I am practicing nodal analysis using the book "Fundamentals of Electric Circuits," and I have encountered two problems in which I obtained negative answers, whereas the book provides positive solutions.
Example 1:
vs
Example 2:
vs
Can my work can still be considered correct?
+1 from me for showing your efforts. It's easily enough to earn a moments response.
You can check your own work. I'll just dash out mine for comparison. I disagree with you on 3.9 and agree with the authors.

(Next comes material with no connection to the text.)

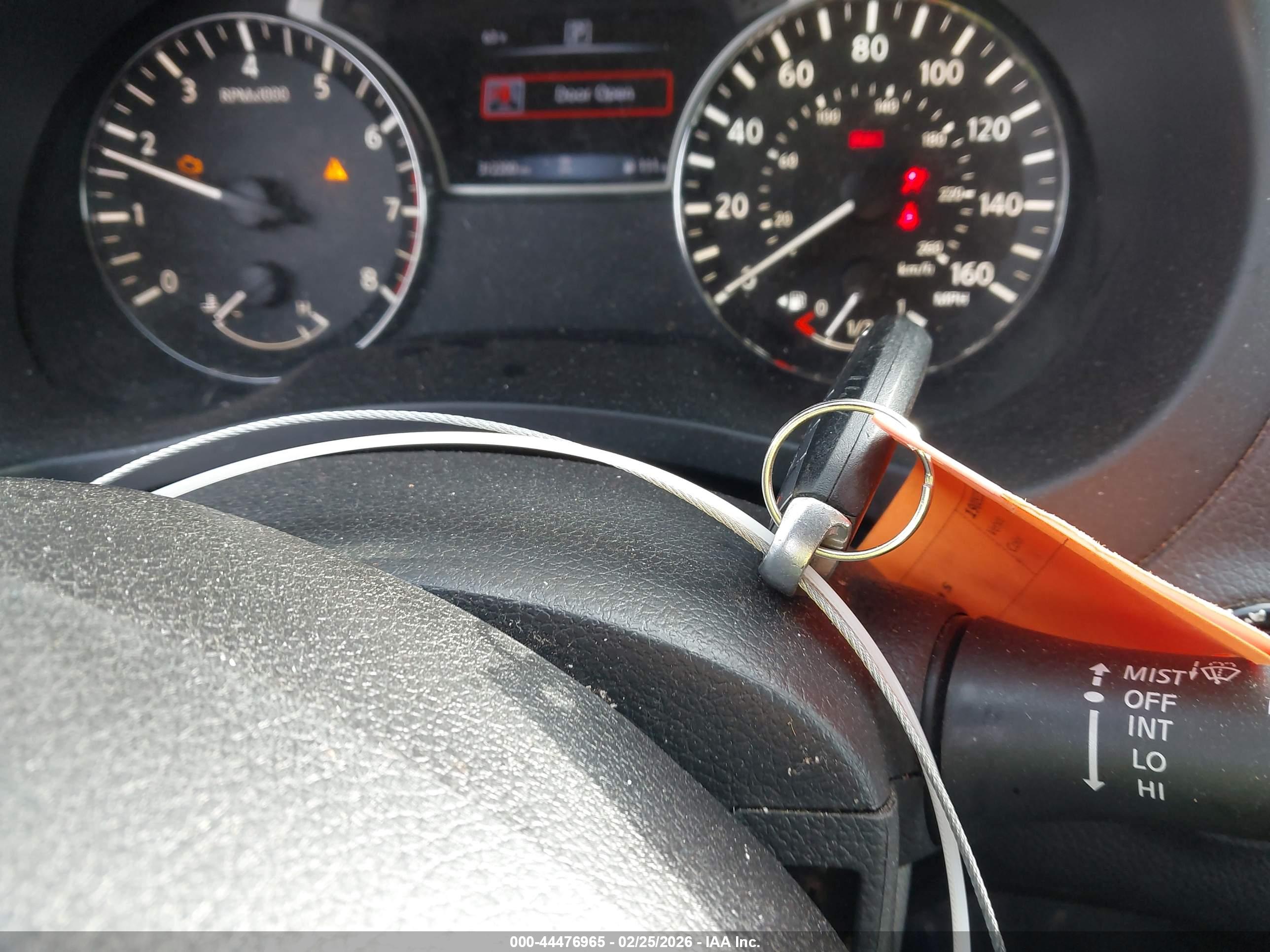 NISSAN ALTIMA image 11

I agree with you on 3.10 and disagree with the authors.
The nodal looks like this to me:
$$\frac{v_1}{250\:\Omega}+\frac{v_1}{50\:\Omega}+\frac{v_1-60\cdot\frac{24\:\text{V}-v_1}{250\:\Omega}}{150\:\Omega}=\frac{24\:\text{V}}{250\:\Omega}+\frac{0\:\text{V}}{50\:\Omega}+\frac{0\:\text{V}}{150\:\Omega}$$
Using SymPy I get:
solve(Eq(vx1/50+vx1/250+(vx1-60*(24-vx1)/250)/150,24/250),vx1)[0].n()
4.16528925619835
The nodal looks like this to me:
$$\begin{align*} \frac{v_1}{8\:\Omega}+\frac{v_1}{1\:\Omega}+4\:\text{A}&=\frac{0\:\text{V}}{8\:\Omega}+\frac{v_3}{1\:\Omega} \\\\ \frac{v_2}{2\:\Omega}+2\cdot\frac{v_1}{8\:\Omega}&=4\:\text{A}+\frac{0\:\text{V}}{2\:\Omega} \\\\ \frac{v_3}{4\:\Omega}+\frac{v_3}{1\:\Omega}&=2\cdot\frac{v_1}{8\:\Omega}+\frac{0\:\text{V}}{4\:\Omega}+\frac{v_1}{1\:\Omega} \end{align*}$$
Using SymPy I get:
solve([Eq(vx1/8+vx1/1+4,vx3/1),
Eq(vx2/2+2*vx1/8,4),
Eq(vx3/4+vx3/1,2*vx1/8+vx1/1)],[vx1,vx2,vx3])
{vx1: -32, vx2: 24, vx3: -32}
Who are we but ignorants when compared to the authors?

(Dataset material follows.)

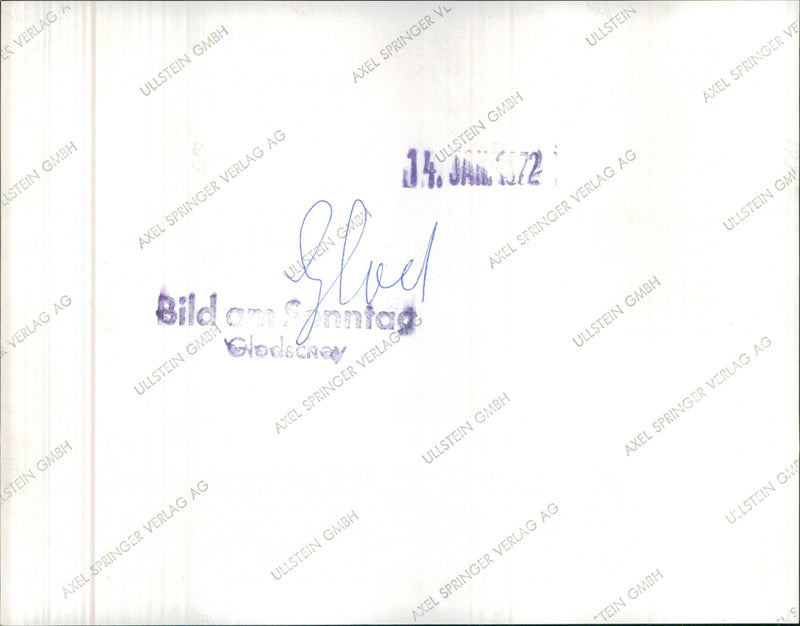 Opel - Vintage Photograph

Let LTspice resolve it for us:
Adding a note about how you can also just check their answers, quickly. When you see something you disagree with, it's a good idea to just take their answers as granted and then apply them to the schematic. If you find a logical conflict -- some unknown that must have two simultaneously different values for example -- then you know they made a mistake.
Doing that I find (putting the order of steps I took on the sheet as well):
Their answer has been cornered.
The above is something you didn't do but I know you could have done it quickly on your own. You know this stuff well enough to rapidly lay these details out and it may alter how you frame questions, too.
Assuming that you have their results in some fashion ahead of time, then get in the practice of just jumping forward to do this kind of fast sanity check. Doing it first before anything else can save you some serious time.
You already have a beautiful answer, so I will just add the parts that went wrong:
3.9: You got \$I_b\$ wrong, it should be \$\frac{24V-v_1}{250\:\Omega}\$ not \$\frac{-24V-v_1}{250\:\Omega}\$.
But since you stay consistent in entering all your voltages as negative of what they should be, your (correct) solve of the (incorrect) equation gives you a result that is correct except for the sign.
3.10: The book lists the correct equations, however it has an error in the simplification/reduction stage. The equation at node 1: \$\frac{v_1-0}{8} + \frac{v_1-v_3}{1} + 4 = 0\$
Reduces to: \$1.125\:v_1 - v_3 + 4 = 0\$, but they list it as \$1.125\:v_1 - v_3 = 4\$, and this leaves them with a sign error that carries through to the result.